Create many pipelines for tokenizing game/system states and actions
(Behavioral version) evaluate the model on each game+notation pair for competency
Compare the observed competency to whether, in separate context windows, it claims it can cleanly parse the game in an internal world model for that game+notation pair
(Interpretability version) inspect the model internals on each game+notation pair similarly to Othello-GPT to determine whether the model coherently represents game state
Compare the results of interpretability to whether in separate context windows it claims it can cleanly parse the game in an internal world model for that game+notation pair
The best version would require significant progress in interpretability, since we want to rule out the existence of any kind of world model (not necessarily linear). But we might get away with using interpretability results for positive cases (confirming world models) and behavioral results for negative cases (strong evidence of no world model)
Compare the relationship between ‘having a game world model’ and ‘playing the game’ to ‘experiencing X as valenced’ and ‘displaying aversive behavior for X’. In both cases, the former is dispensable for the latter. To pass the interpretability version of this test, the model has to somehow learn the mapping from our words ‘having a world model for X’ to a hidden cognitive structure which is not determined by behavior.

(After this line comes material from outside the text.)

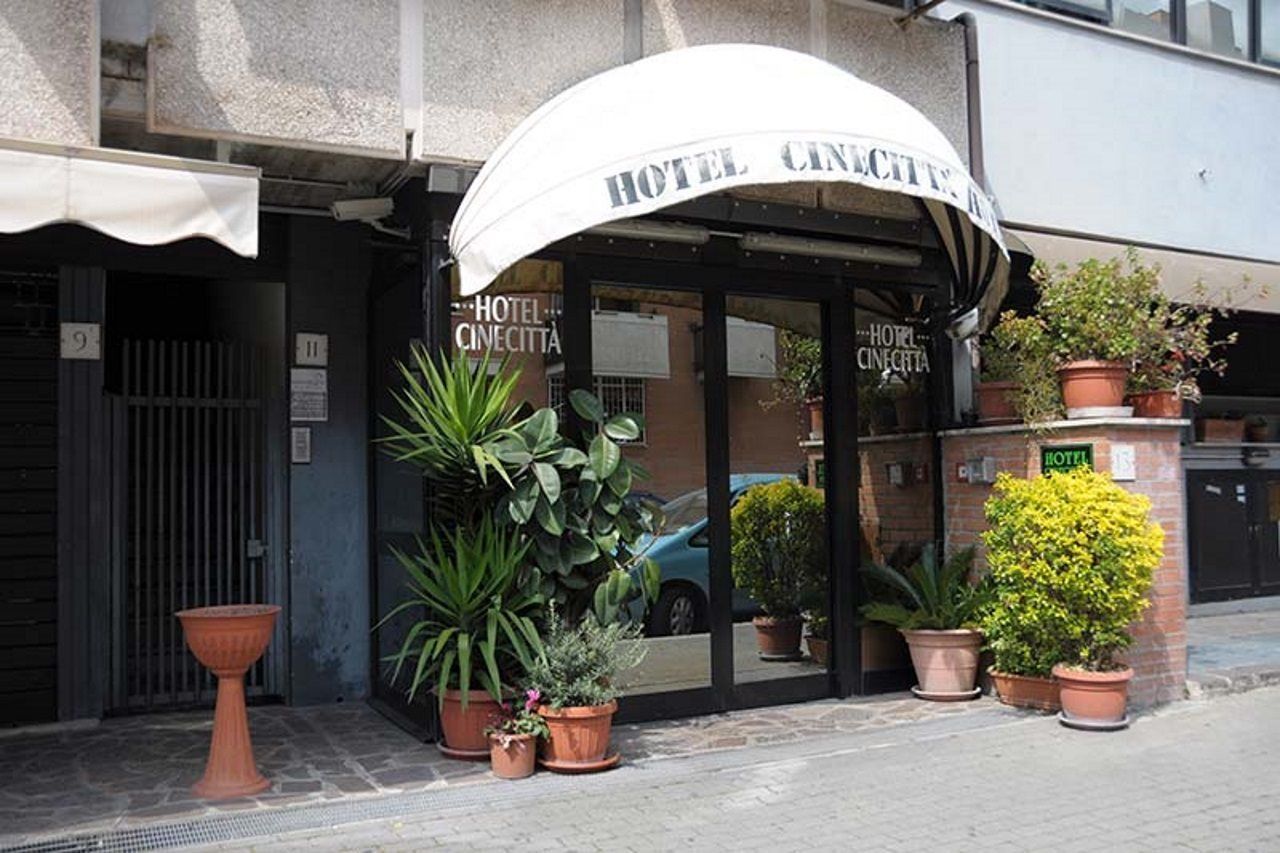 Hotel Cinecitta Rome Bagian luar foto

I would consider passing this test and claiming certain activities are highly valenced as a fire alarm for our treatment of AIs as moral patients. But, there are considerations which could undermine the relevance of this test. For instance, it seems likely to me that game world models necessarily share very similar computational structures regardless of what neural architectures they’re implemented with—this is almost by definition (having a game world model means having something causally isomorphic to the game). Then if it turns out that valence is just a far more computationally heterogeneous thing, then establishing common reference to the ‘having a world model’ cognitive property is much easier than doing the same for valence. In such a case, a competent, future LM might default to human simulation for valence reports, and we’d get a false positive.
I recently asked both claude and gpt4 to estimate their benchmark scores on various benchmarks. if I were trying harder to get a good test I’d probably do it about 10 times and see what the variation is
I asked claude opus whether it could clearly parse different tic-tac-toe notations and it just said ‘yes I can’ to all of them, despite having pretty poor performance in most.
yeah, its introspection is definitely less than perfect. I’ll DM the prompt I’ve been using so you can see its scores.